How big is the deal, and when are they due? Have you discussed any
other aspects of military technical cooperation?
Vladimir Putin: Indeed, India is one
of our priority partners, and a strategic partner. I should
not need to recall the time of the popular Hindi Rusi
bhai-bhai slogan (Indians and Russians are brothers). In fact,
little has changed since then, and our relations have grown stronger if
anything.
But military technical cooperation is not
the only area of interest to us. Unfortunately, we have not
fully taken advantage of our capabilities in the civilian
economy, and there is so much we could do there.
India is a huge market with 1.25 billion
people. Moreover, a significant portion of the Indian population
has fairly high living standards that match average European income levels.
That is a very big and lucrative market for our products.

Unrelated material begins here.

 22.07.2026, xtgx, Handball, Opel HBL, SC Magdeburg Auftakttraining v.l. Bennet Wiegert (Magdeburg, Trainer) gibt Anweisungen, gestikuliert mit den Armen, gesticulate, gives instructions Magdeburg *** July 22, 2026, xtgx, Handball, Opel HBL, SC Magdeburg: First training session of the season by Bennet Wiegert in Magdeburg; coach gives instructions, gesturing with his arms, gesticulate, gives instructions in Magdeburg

We tried to find additional niches
for cooperation. The options were broad, for example, more
contact in space research, aviation, and mechanical engineering
in general. As for military technical cooperation, the quality
of that cooperation is quite high, maybe even better than with many other
countries: we do not just sell India high-tech modern weaponry, but we also
have joint research projects.
The S-400 Triumf contract is worth not
hundreds of millions, but billions of dollars.

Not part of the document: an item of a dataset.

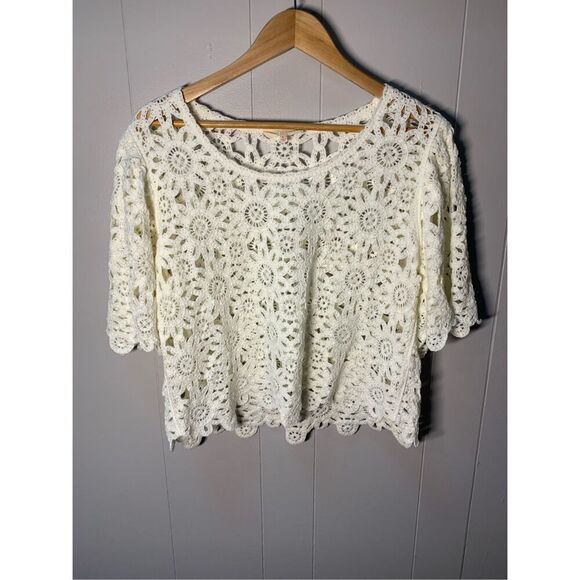 SOLITAIRE CROCHET FLOWER TOP, LARGE - Picture 1 of 5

We have also agreed to improve
the BrahMos missile, which will be land-, air- and sea-launched. We
will also work to increase its range. And we will work together
on a fifth-generation aircraft. It has basically made its maiden
flight, but there are some issues we need to work out. I am talking
about the T-50 fighter plane.
As I have said, our relations
in this area can be described by our willingness to help our
Indian friends acquire additional competences. You know that we have organised
the assembly and production of the latest T-90 combat tanks
and the Sukhoi Su-30 aircraft here.
Question: Considering the theme
of this BRICS summit, can you tell us whether you discussed Syria
in detail, bearing in mind the fact that an agreement
on the deployment of a Russian air force group in Syria
was ratified shortly before your trip here? Do the BRICS leaders have
a common stance on Syria?
Vladimir Putin: Yes, they share
a common stance in general and in other terms. All
of us agree on the need for a consistent fight against
terrorism. And all of us believe that there is no other solution
to the Syrian problem other than a diplomatic one.
In this context, I have informed
all of our colleagues and friends in this five-member group
about our view on the situation in Syria and,
in particular, around Aleppo.
Question: Mr President, a trip
to Berlin is being planned. As your aide said, it all depends
on whether those representing the conflicting parties will be able
to make any progress. What is your take on this? Do you intend to go?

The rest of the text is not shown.